_Information shown_.
--- START ---
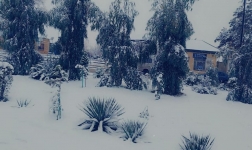 Aran RHM - Sabirabad meteoroloji stansiyası
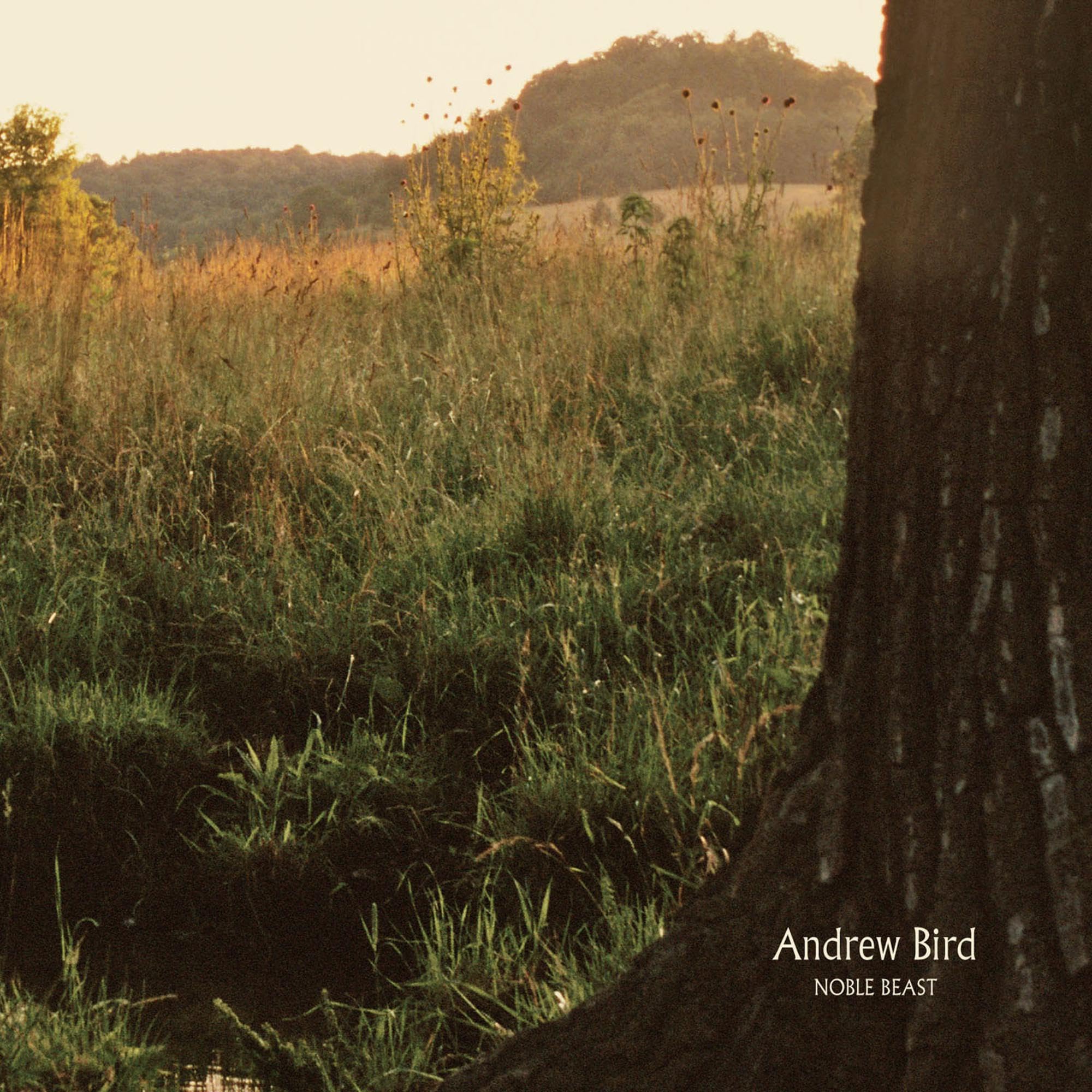 Noble Beast [Audio CD] Bird, Andrew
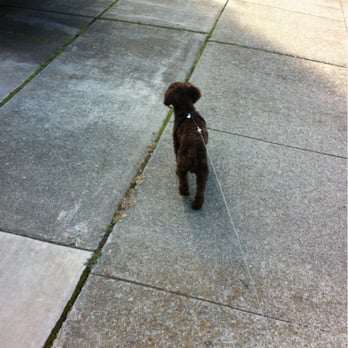 California Pampered Pooches - He loves it here at Pampered Pooches! Go Callan go. - Dog Walkers Near Me - Vallejo, California California Pampered Pooches - He loves it here at Pampered Pooches! Go Callan go. - Dog Walkers Near Me - Vallejo, California
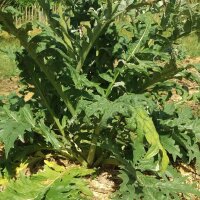 Cardo de huerta (Cynara cardunculus) semillas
--- END ---
_What to work on_. Keep pictures out and return the lines from the one containing "Vallejo, California California" through the end of the listing, both included, character for character.

_Response to the task_.
 California Pampered Pooches - He loves it here at Pampered Pooches! Go Callan go. - Dog Walkers Near Me - Vallejo, California California Pampered Pooches - He loves it here at Pampered Pooches! Go Callan go. - Dog Walkers Near Me - Vallejo, California
 Cardo de huerta (Cynara cardunculus) semillas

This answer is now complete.